In a Vulture interview yesterday, Jason Isaacs once again described an unnamed actor he worked with as “the worst bully ever and a global icon,” said the actor gave “a completely different performance off-camera than on,” and insisted that the experience “sucked” and “I’d never seen anything like it. Before, I would’ve licked the ground that this person walked on.”

Isaacs has 167 acting credits, so it’s not easy to pinpoint who he meant based on that alone. However, he has made a similar accusation before — in a 2011 interview with The Telegraph, he referred to a “famous, late, knighted actor” who “literally physically shoved me out of the shot with his elbows.”

That narrows the field a bit. The actor in question had passed away before 2011 and was knighted, which helps—sort of. As far as I can tell, Isaacs has worked with three knighted actors: Michael Gambon, Ian McKellen, and Sean Connery. Gambon didn’t pass until 2023, and McKellen is still with us (thank goodness). Sean Connery had a well-documented reputation for being difficult both personally and professionally—but Isaacs didn’t actually work with him onscreen. They were both credited in Dragonheart, but Connery only provided the voice of the dragon.

So, has Isaacs worked with any other knighted actors? Not technically.
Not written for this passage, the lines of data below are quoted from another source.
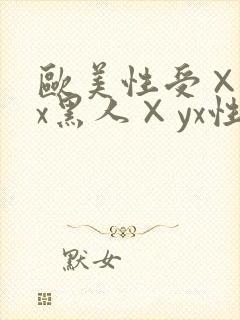 欧美性受×xxx黑人×yx性爽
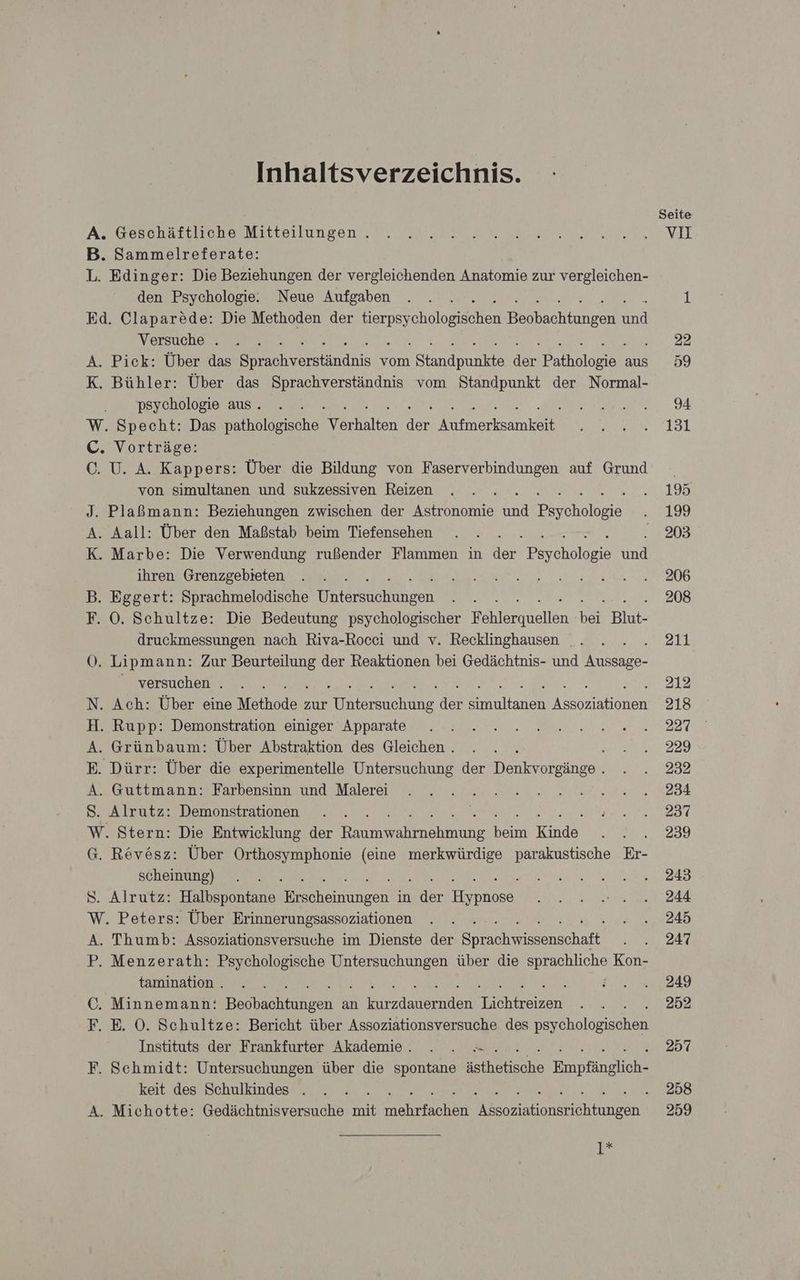 Inhaltsverzeichnis. A. Geschäftliche Mitteilungen . B. Sammelreferate: L. Edinger: Die Beziehungen der vergleichenden Anatomie zur vergleichen- den Psychologie. Neue Aufgaben Ed. Claparede: Die Methoden der erpsycholagischen tungen 2 Versuche . A. Pick: Über das en ersandiis vom Btandpunide der Palo aus K. Bühler: Über das Sprachverständnis vom Standpunkt der Normal- psychologie aus. W. Specht: Das pathologische lien dr N C. Vorträge: C. U. A. Kappers: Über die Bildung von Faserverbindungen auf Grund von simultanen und sukzessiven Reizen J. Plaßmann: Beziehungen zwischen der Astronomie nd Pe üheleie A. Aall: Über den Maßstab beim Tiefensehen K. Marbe: Die Verwendung rußender Flammen in der ES oholleir und ihren Grenzgebteten B. Eggert: Sprachmelodische Daldrsaehühren F. 0. Schultze: Die Bedeutung psychologischer Ver ellen Der Blut- druckmessungen nach Riva-Rocci und v. Recklinghausen Ö. Li pmann: Zur rn der Reaktionen bei Gedächtnis- und Beige: versuchen . N. Ach: Über eine Märkode zur he je nalen Meleen H. Rupp: Demonstration einiger Apparate A. Grünbaum: Über Abstraktion des Gleichen . ‘ E. Dürr: Über die experimentelle Untersuchung der Denkvorgänge . A. Guttmann: Farbensinn und Malerei S. Alrutz: Demonstrationen W. Stern: Die Entwicklung der ra hnahe Keim Kine G. Rövösz: Über Orthosymphonie (eine merkwürdige parakustische Er- scheinung) : A 8. Alrutz: Halbspontane BE ıngen in ddr enaike W. Peters: Über Erinnerungsassoziationen A. Thumb: Assoziationsversuche im Dienste der en chat, P. Menzerath: Psychologische Untersuchungen über die a Kon- tamination . C. Minnemann: Ba aaheehden an done Ban i F. E. OÖ. Schultze: Bericht über Assoziationsversuche des De holopaahah Instituts der Frankfurter Akademie. . . F. Sehmidt: Untersuchungen über die spontane StR ahhe Empfingliahl keit des Schulkindes . A. Michotte: Gedächtnisversuche mit N. en innen I Seite vo ar 258 259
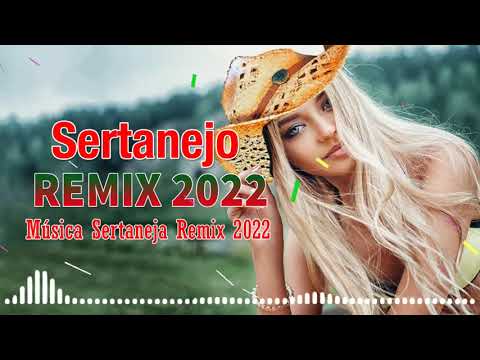 Top Sertanejo 2021 - As Mais Tocadas Remix Sertanejo 2021 - Sertanejo Remix 2021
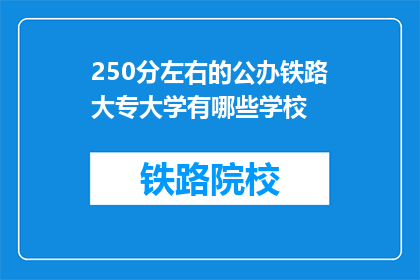 250分左右的公办铁路大专大学有哪些学校(公办铁路大专大学有哪些？)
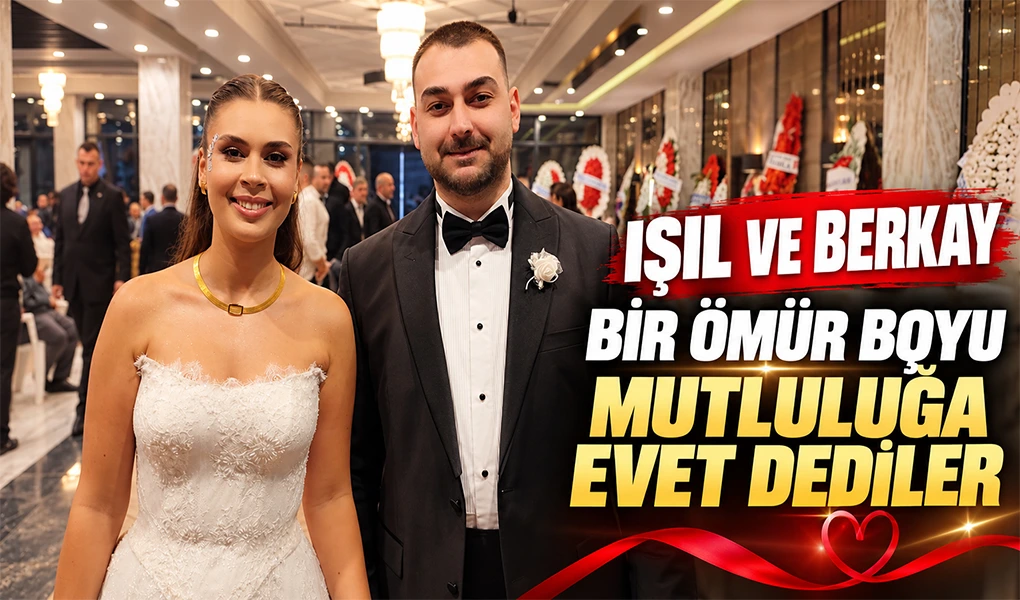 IŞIL& BERKAY BİR ÖMÜR BOYU MUTLULUĞA EVET DEDİLER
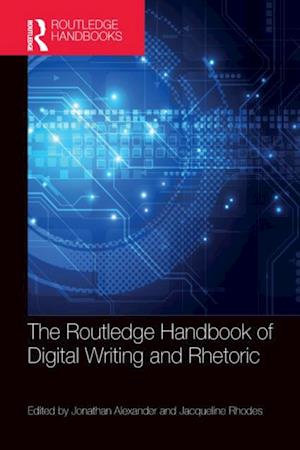 Routledge Handbook of Digital Writing and Rhetoric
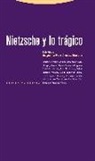 Eugenio Fernández García, Rocío Lorente García - Nietzsche y lo trágico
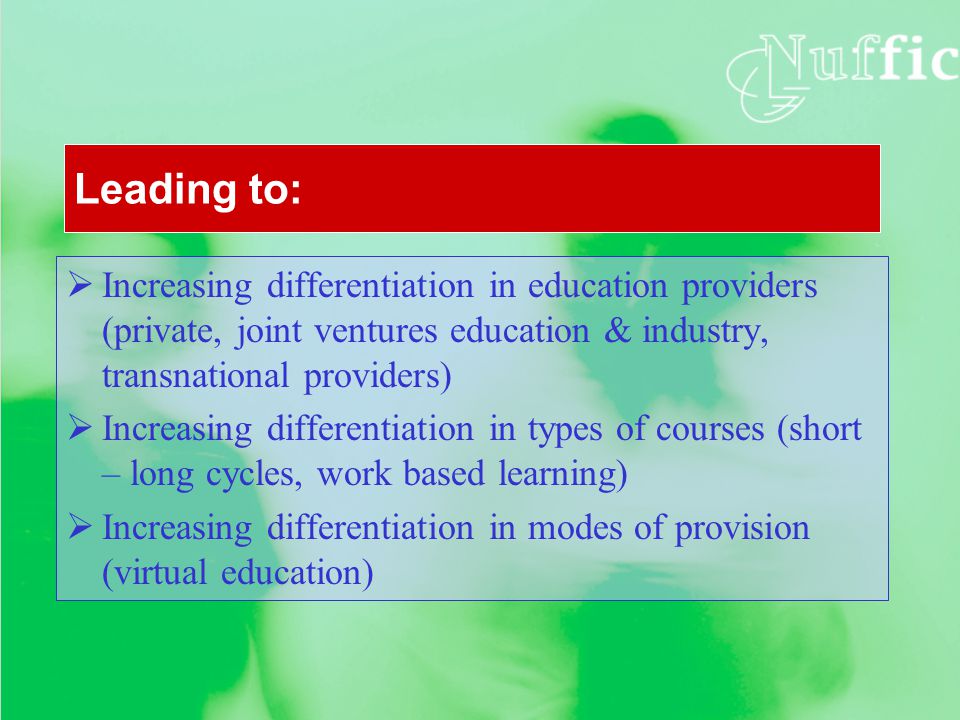 Leading to:  Increasing differentiation in education providers (private, joint ventures education & industry, transnational providers)  Increasing differentiation in types of courses (short – long cycles, work based learning)  Increasing differentiation in modes of provision (virtual education)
But he did work with someone he may have believed was knighted—Richard Harris, who played Dumbledore in the first two Harry Potter films. As an Irish citizen, Harris wasn’t eligible for a UK knighthood, though he did receive honorary knighthoods from both Denmark and Malta.

More to the point, Harris seems to fit the description: a late, legendary global icon with a well-established reputation for being difficult to work with. In fact, Isaacs has spoken about Harris specifically, recalling that before their first scene together, Harris regaled him with “some of the most hair-curling, jaw-dropping filthy stories about his adventures in the ’60s and every single gynecological detail of his swordsmanship.” Harris then sat silently as Isaacs “started to sweat and panic and twitch,” finally delivering his line only after Isaacs was thoroughly unsettled. Isaacs called it “the right performance” for the character but also admitted thinking, “You bastard.”

There’s no shortage of accounts backing up Harris’s reputation. A co-star from the 1961 film The Long and the Short and the Tall said it was “the most unpleasant film I ever worked on,” partly because Harris “resented” and “despised” Laurence Harvey and didn’t get along with him. Meg Bussert, who appeared with Harris in a stage production of Camelot, said “he could be difficult.” Clint Eastwood once described him as a “mad Irishman.”

He reportedly clashed with Marlon Brando on Mutiny on the Bounty. There are also accounts that he was either fired from or walked off the set of Red Desert, possibly for punching the director. Both of his ex-wives have publicly criticized his drinking and volatility. Ann Turkel described episodes of “jealousy and paranoia.”

Harris himself once even said he didn’t “want to be remembered for those bloody films,” referring to Harry Potter, which suggests he didn’t have a lot of warmth for them.

Does that mean Richard Harris was Isaacs’s bully? Not definitively. But if Isaacs was talking about him, it wouldn’t be a shock.